Haemostasis + thrombosis Flashcards
What are the 2 stages of haemostasis?
- Primary → formation of the primary platelet plug
* Secondary →formation of insoluble, cross-linked fibrin
What is the first step in primary haemostasis?
Vasoconstriction
What causes vasoconstriction post trauma to the endothelium of a blood vessel?
- Smooth muscle contraction
* Release of endothelin → causes vasoconstriction
If endothelin constricts the smooth muscle of vessels, what 2 agents dilate smooth muscle in vessel walls?
- Nitric oxide
* prostacyclin
What is the second step of primary homeostasis?
Platelet adhesion
vWF
What are the 2 main glycoprotein receptors on the platelet surface?
- GlycoProtein 1b
* GlycoProtein 2b/3a
What does von Willebrand factor do?
- primary function is binding to other proteins
- Particular strong binding to factor VIII
- It is important in PLATELET ADHESION to the wound.
•It binds to collagen in the wound and GP1b on the platelet.
When do platelets degranulate and change shape?
- Once they have been bound by vWF
* once they are activated and both degranulate and change shape.
What do platelet Alpha granules contain?
- Fibrinogen
* von wilebrand factor
What do platelet dense granules contain?
Serotonin → constricts smooth muscle cells
ADP → activates platelets and promotes aggregation
Ca++ → Needed for secondary haemostasis
SAC
what are the 2 granules inside platelets called?
- alpha granules
* dense granules
what does the gp2/3a receptor do?
It binds fibrinogen
what does the GP1a receptor do?
It binds to vWF
What happens in the second phase of haemostasis?
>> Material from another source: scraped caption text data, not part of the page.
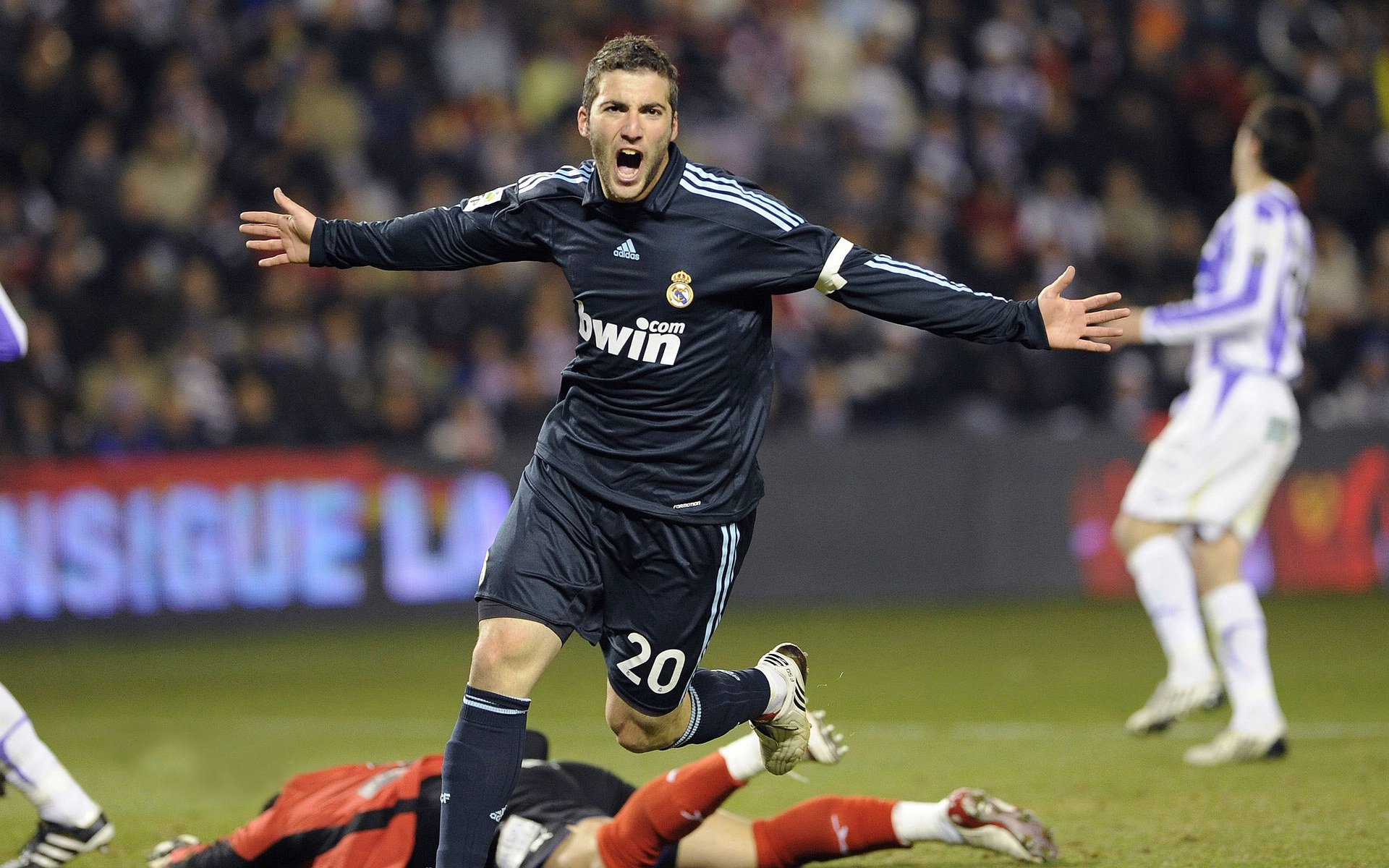 东决关键战之夜，维尼修斯比赛走势一手掌控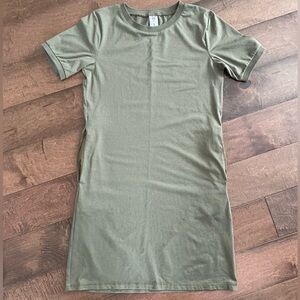 Senita Refresh Dress in Pine Green Size Small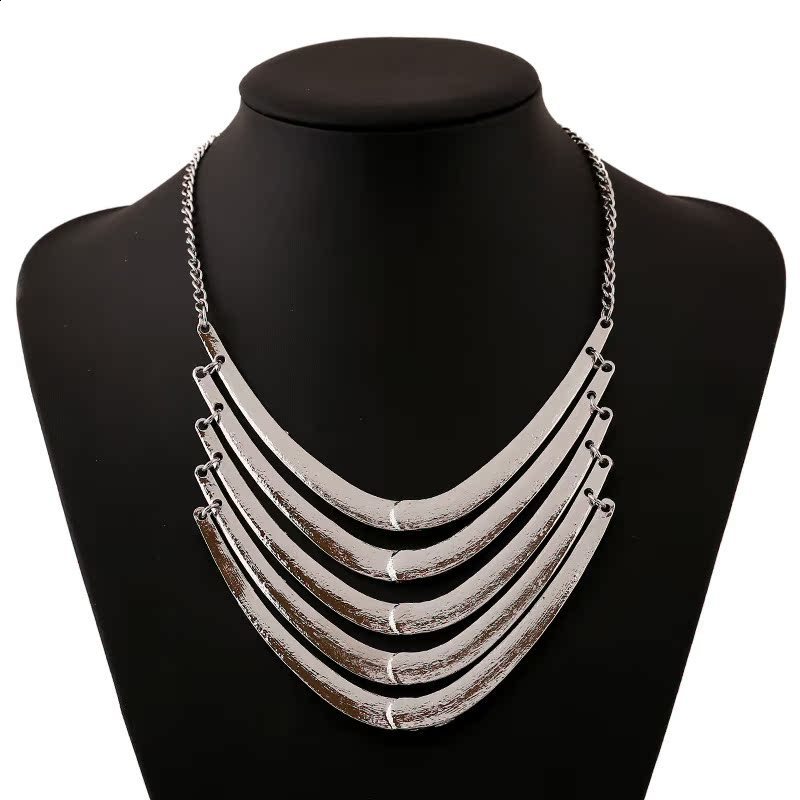 Chokers Hmong Jewelry Woman and Man Miao Collar and Culture Necklace Year Dance Party 230515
Fibrin aggregates over the clot.
What is haemophilia A
Clotting Factor 8 deficiency
What is Haemophilia B
Clotting factor 9 deficiency
Where is fibrinogen sythesized?
In the liver
what is the extrinsic pathway?
- Tissue damage releases tissue factor,
- this and factor 7 activate factor 10 → 10a
- which then cleaves prothrombrin → thrombrin
What is the intrinsic pathway?
- 11 →11a
- 11a activates 9 →9a
- 9a activates 8 →8a
- 8a activates 10
What is responsible for haemolysis?
Plasmin
What is cleaved to become plasmin?
plasminogen
What happens when fibrin is degraded?
It is picked up by macrophages that recycle the component parts in the spleen and the liver.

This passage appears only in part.